Clown Trigger - _Balistoides conspicillum _

Option 2








Green Burmese Python

Option 3








Red Tail Boa

Option 4








Hyacinth Macaw

Option 5








Tiger Shovel Nose "The escape"

Option 6








henlei/motoro hybrid

Option 7








Pearls of the Orient ~ Lou Han

Option 8








African Pike


----------



## vlahos (Sep 7, 2003)

pic 2.....that python is sweet


----------



## Black-Phoenix (Oct 21, 2003)

yup great snake and pic!


----------



## DiXoN (Jan 31, 2003)

FH
dixon


----------



## mpdt (Jul 16, 2003)

Go with the bird !


----------



## Poseidon X (Jan 31, 2003)

Must be a real challenge to take pictures of still animals compared to taking aquatic pictures.


----------



## Death in #'s (Apr 29, 2003)

Poseidon X said:


> Must be a real challenge to take pictures of still animals compared to taking aquatic pictures.










good one


----------



## Husky_Jim (May 26, 2003)

Althought it's not the best picture i 've voted for the hyacinth Macaw cause it is my favorite bird.
Is that pic from a public zoo???????Who is the owner(lucky bastard) of that pic?

Jim


----------



## Poseidon X (Jan 31, 2003)

this is the PICTURE of the month contest... not the animal i like the best contest. You should vote for the bird if you think its the best picture not because you like the animal.


----------



## Innes (Jan 13, 2003)

people can vote for whatever reason they like....


----------



## Lahot (May 20, 2003)

well if we're going to vote for the best picture, I want to change my vote!

Great FH there BD (which is what I voted for), but as for the quality of the picture you cut off the tail. So I guess I'd want to change my vote to the best picture which is the TSN in my opinion.

I bitch to Innes every month that I think this contest should be fish only, but a fish has won it every single time.

The piranha POTM goes the same way, it's the favorite species that wins or the best carnage picture.

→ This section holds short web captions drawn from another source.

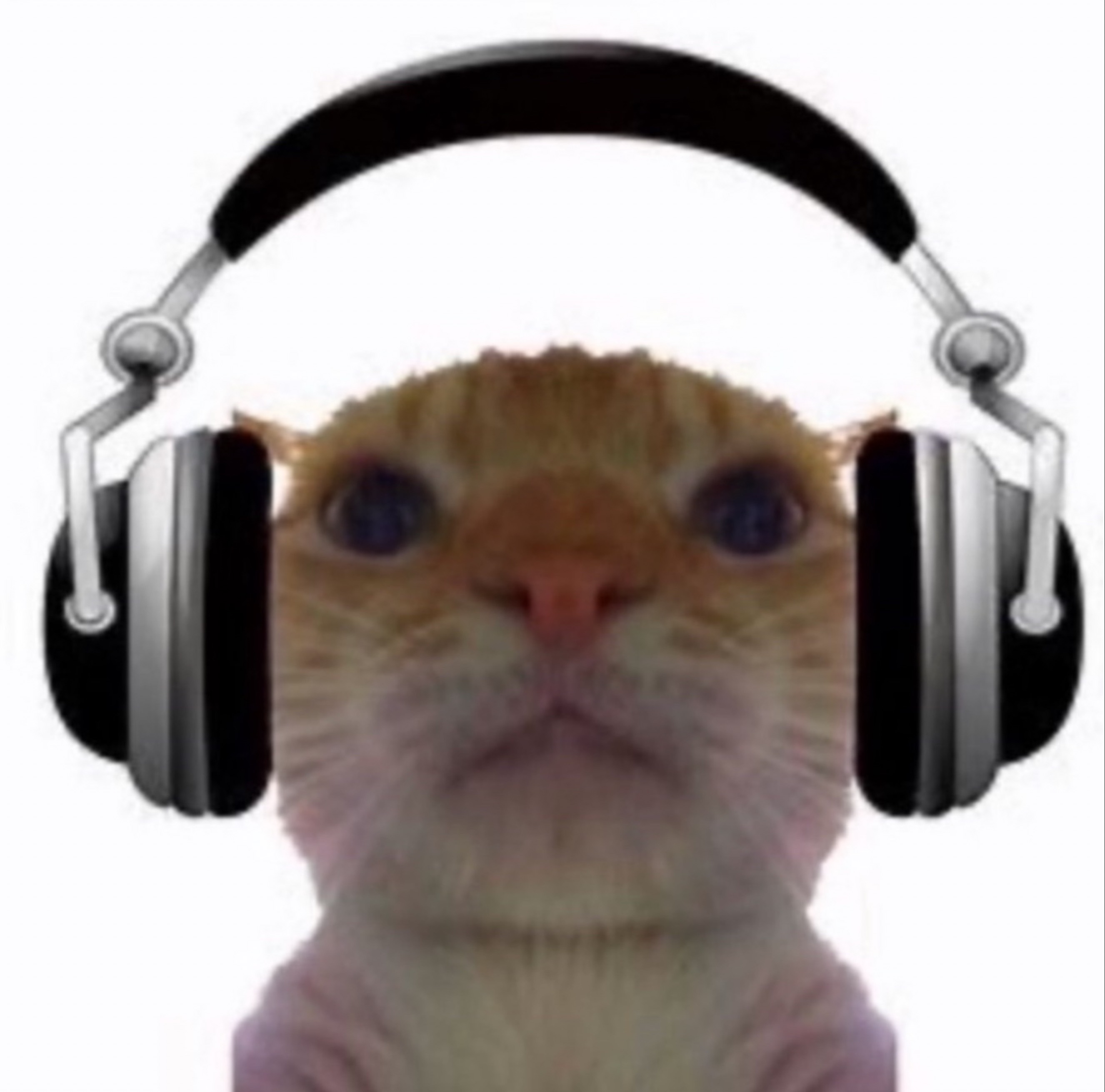 레몬나르고빚갚으리오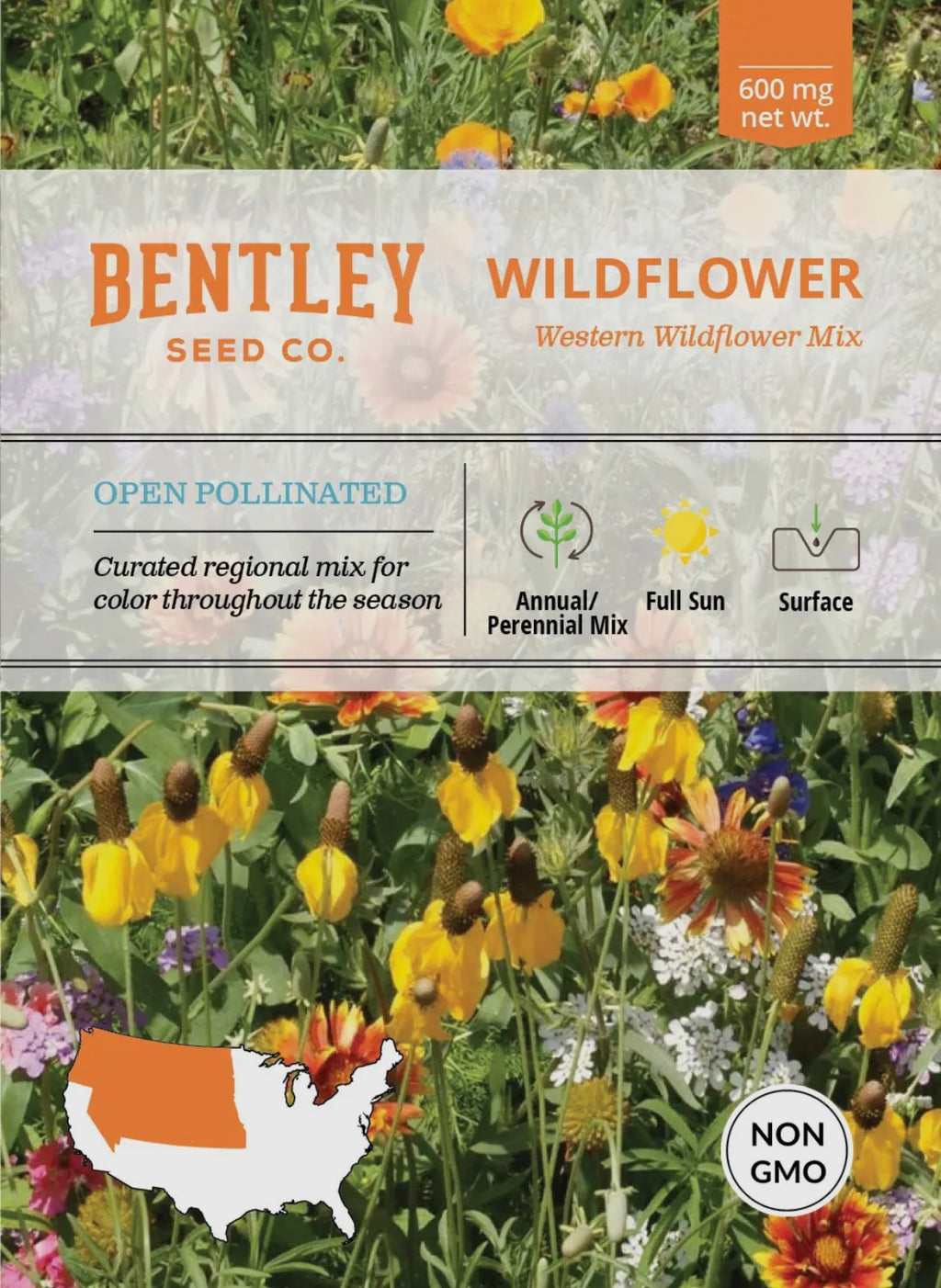 Bentley Seeds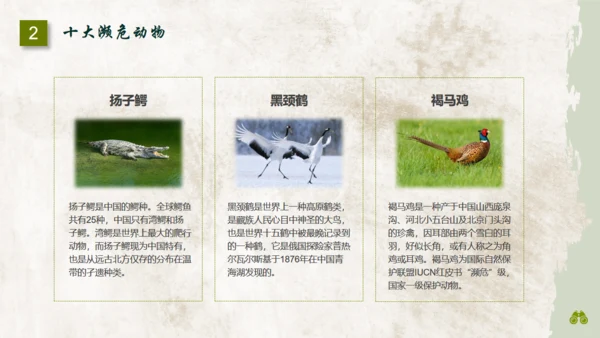 保护濒危野生动物通用PPT模板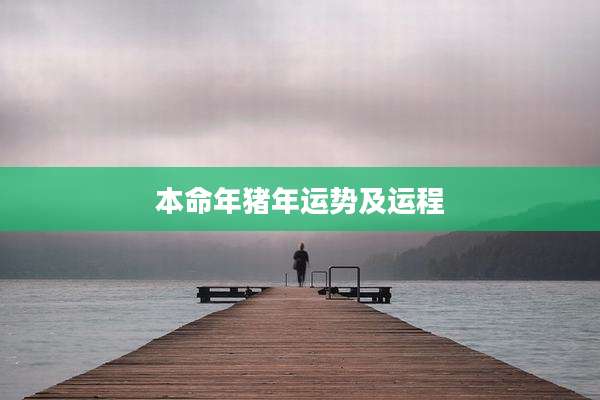 本命年猪年运势及运程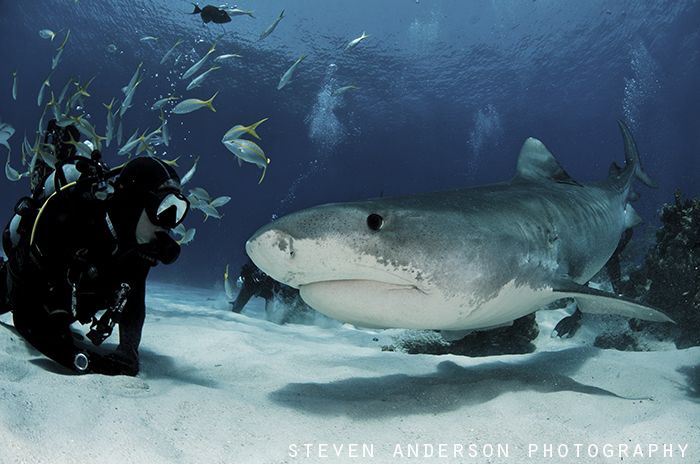 Tiger Beach Bahamas always provides awesome friendships!!... by Steven Anderson 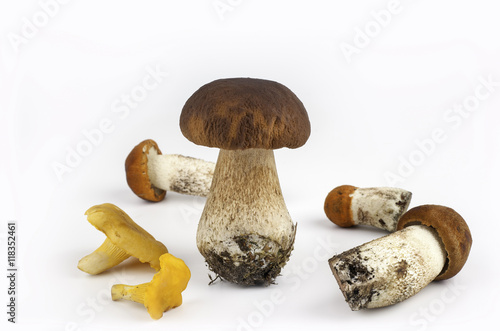 Boletus, Chanterelles and Aspen mushroom isolated on white backg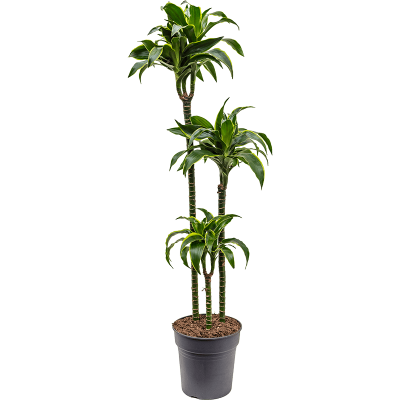 Растение горшечное Драцена/Dracaena fragrans 'Dorado'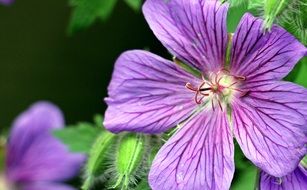 Purple Cranesbill Stork Beak Bird Flower
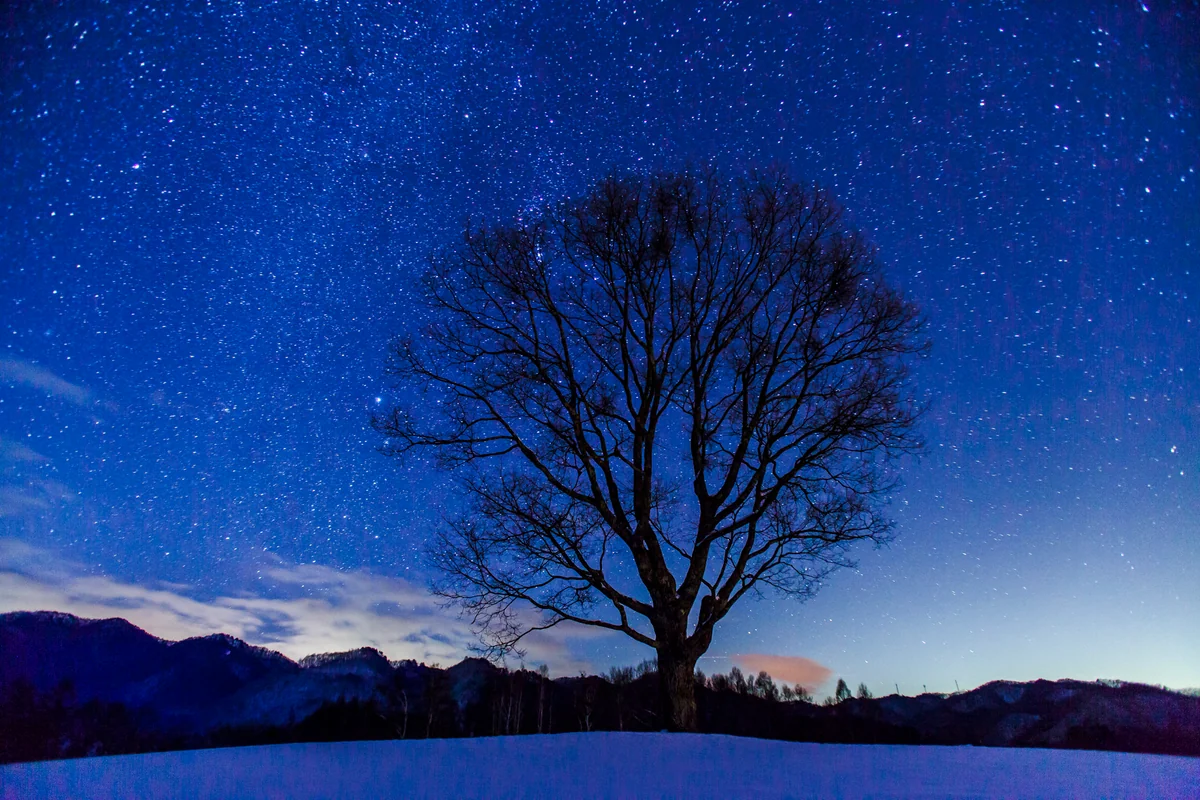 投稿写真：開田高原 木曽馬の里の星空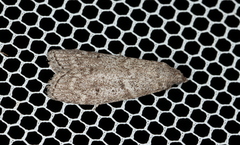 Heteromicta pachytera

And this is also why people should not be allowed to comment about what picture they think is the best or which one they voted for until after the contest is over. Every single comment that is read before someone votes influences how they vote.


----------



## Atlanta Braves Baby! (Mar 12, 2003)

#2 rocks!


----------



## acestro (Jul 7, 2003)

nice pike :nod:


----------



## Vampor (Feb 15, 2003)

ver nice pics all, that pike looks like mine


----------



## Honda99_300ex (Apr 18, 2003)

husky_jim said:


> Althought it's not the best picture i 've voted for the hyacinth Macaw cause it is my favorite bird.
> Is that pic from a public zoo???????Who is the owner(lucky bastard) of that pic?
> 
> Jim


 It's My Aunt's Hyacinth









He is sweet!!


----------